Tissue donors for the first time will be able to track how their samples are used by scientists while safeguarding their privacy, through a pilot program launched by Johns Hopkins Berman Institute of Bioethics faculty and breast cancer researchers at the University of Pittsburgh's Institute for Precision Medicine.
When Henrietta Lacks' cancer cells were taken by a doctor in 1951, it was without her knowledge. Neither she nor her family were informed about the subsequent use of her "immortal" cells in medical research around the world. Today, researchers cannot use patients' tissues without permission, but patients never know what becomes of their samples.
The pilot program will use blockchain technology to give every patient who consents to the use of their tissue samples for research at the University of Pittsburgh's Breast Disease Research Repository the opportunity to track their use in perpetuity, while keeping their identities anonymous to the researchers.
"A healthcare system built on de-identification emphasizes privacy but sacrifices our duties of clinical care to patients," said Jeffrey Kahn, the Andreas C. Dracopoulos director of the Berman Institute. "It limits the effectiveness of science and prevents any attempt to share the broader benefits of research discoveries with those who contribute to its success."
Today's standard of informed consent assures patients that their tissues cannot be used in medical research without a signed agreement and must be stripped of identifying details such as names and birth dates. But because of these well-intended privacy measures, individuals never know how their tissues are used, or by whom, nor do they know if they led to any discoveries.
The program will provide participants with a non-fungible token (NFT) that will allow them to follow their samples. NFTs are digital assets on a blockchain with unique identification codes and metadata that distinguish them from each other, while their owners' identities remain encrypted. A blockchain is a shared, tamper-proof ledger that facilitates the decentralized recording of information that can be audited by computer code to prove ownership and permissions.

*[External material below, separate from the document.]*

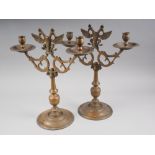 A pair of Eastern European? brass candelabra with griffin design, on circular bases, 16" high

All patients who have consented to participate in Pitt's Breast Disease Research Repository will be invited to be part of the project, said Marielle Gross, adjunct professor of bioethics at the Berman Institute and a women's health physician at the University of Pittsburgh, adding that during its pre-pilot phase the first 20 patients contacted signed up within 24 hours.
"NFTs and blockchain technology offer an innovative solution to reconnect individuals with their contributions to research, without compromising privacy or provenance. Bringing patients into the fold as true stakeholders in research allows for increased trust, transparency, and participation in biomedical research," said Gross, adding that the blockchain technology could allow labs from across the country using the same donor's samples to collaborate and share the results.
"Right now, there are researchers working in labs literally right next door to each other who aren't aware they're researching samples from the same individual," said Gross. "This new approach to privacy-protecting tissue sharing can enable us to maintain patient confidentiality while simultaneously maximizing research benefits and unlocking the future of precision medicine."
The project arose from work Gross initiated as a Hecht-Levi postdoctoral fellow at the Berman Institute. Funded by a grant from the Emerson Collective, the project builds upon the Berman Institute's expertise in research ethics, reconsidering the obligations institutions have to research participants, and finding ways to incorporate new technologies into existing human subject protections.
Gross has created a startup, heny, Inc., with Kahn's support and ethical oversight, that seeks to use the blockchain technology to extend personalized biobank access to all research participants within and beyond the current pilot population.